You are viewing a plain text version of this content. The canonical link for it is here.

Posted to derby-dev@db.apache.org by siddharth srivastava <ak...@gmail.com> on 2012/04/06 18:43:15 UTC

GSoC 2012 Proposal

Hi

Following is my proposal for GSoC 2012 for improving code coverage in Derby.

https://docs.google.com/document/d/1_-ANrTY0wyU9o6bhu5aAQTGZPL1w3llMWH1TdMPkPeU/edit


Please provide your feedback.

Thanks

-- 
Regards
Siddharth Srivastava

Re: GSoC 2012 Proposal

Posted by siddharth srivastava <ak...@gmail.com>.

Hi

>
>  I would like to hear your thoughts on how, given a specific method for
> which you plan to improve coverage, how would you go about identifying a
> functional test case which will cover the method.  This will of course be
> the tricky bit of all of this.


For determining a functional test case for a method, first it needs to
determined what the method is supposed to do (from documentation related to
the class). Then it needs to be analyzed what flow of code exercise this
method.Then I would write a prototype code to test what the method does
when actually executed. (Probably some bugs may be determined from here as
well)
Once this is determined,next step would be to look at the expected input
and output for the method and write a test case for the scenario in which
the method is invoked (something like a black box to test if things work
for expected input ot not).
Next, within the method, there may be many controls flows which also need
to be exercised depending upon the input parameters and the way from which
the method has been invoked. Test case would then be added to exercise
these cases as well.
Also, negative tests also needs to be performed and write test cases for it
since testing also requires if things fail when they are supposed to fail.

Regards
Siddharth Srivastava

Re: GSoC 2012 Proposal

Posted by Bryan Pendleton <bp...@gmail.com>.
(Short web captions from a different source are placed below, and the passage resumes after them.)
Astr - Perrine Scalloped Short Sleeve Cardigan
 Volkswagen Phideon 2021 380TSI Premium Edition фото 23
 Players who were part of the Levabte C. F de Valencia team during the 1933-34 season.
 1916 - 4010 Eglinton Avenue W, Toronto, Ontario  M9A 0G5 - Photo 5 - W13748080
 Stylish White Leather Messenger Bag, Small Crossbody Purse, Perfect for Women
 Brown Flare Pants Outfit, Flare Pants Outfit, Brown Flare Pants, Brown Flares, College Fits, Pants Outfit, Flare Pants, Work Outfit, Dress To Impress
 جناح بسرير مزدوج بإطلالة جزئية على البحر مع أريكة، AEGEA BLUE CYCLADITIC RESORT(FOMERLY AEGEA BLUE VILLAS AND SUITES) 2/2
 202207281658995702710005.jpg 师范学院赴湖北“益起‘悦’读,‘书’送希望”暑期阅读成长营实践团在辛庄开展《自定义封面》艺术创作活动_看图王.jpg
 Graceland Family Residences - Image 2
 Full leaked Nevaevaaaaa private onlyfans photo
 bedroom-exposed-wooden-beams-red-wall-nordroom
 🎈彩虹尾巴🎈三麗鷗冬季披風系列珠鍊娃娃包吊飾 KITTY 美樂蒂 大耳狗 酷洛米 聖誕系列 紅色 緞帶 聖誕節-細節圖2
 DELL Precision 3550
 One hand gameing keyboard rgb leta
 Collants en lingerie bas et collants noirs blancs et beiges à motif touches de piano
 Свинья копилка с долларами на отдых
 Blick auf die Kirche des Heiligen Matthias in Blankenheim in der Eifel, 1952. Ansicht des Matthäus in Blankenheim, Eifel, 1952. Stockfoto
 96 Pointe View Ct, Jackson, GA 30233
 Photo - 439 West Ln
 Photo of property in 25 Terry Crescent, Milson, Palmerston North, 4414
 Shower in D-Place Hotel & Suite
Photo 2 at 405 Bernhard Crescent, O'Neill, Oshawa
> Also, the fail log shows that these tests failed with emma:
>
> 1) Embedded_30: BasicSetup, Changes10_2, Changes10_3, Changes10_4, Changes10_5, Changes10_6,Changes10_7,Changes10_9
> 2) Embedded_40: Changes10_2, Changes10_3, Changes10_4, Changes10_5, Changes10_6, Changes10_7, Changes10_9, DatabaseMetaDataTest
>
> I am looking at the stacktrace of each of them:
>   For example, Embedded_30\BasicSetup\testDERBY5120NumRowsInSydependsForTrigger

Can you tell, from the timestamps on the various files, and the information
in the reports, which was the *very first* test that failed?

If you can, why did that test fail?

Sometimes, subsequent tests fail because there are inter-test dependencies,
so it can be simplest to analyze the very first failure.

thanks,

bryan

Re: GSoC 2012 Proposal

Posted by siddharth srivastava <ak...@gmail.com>.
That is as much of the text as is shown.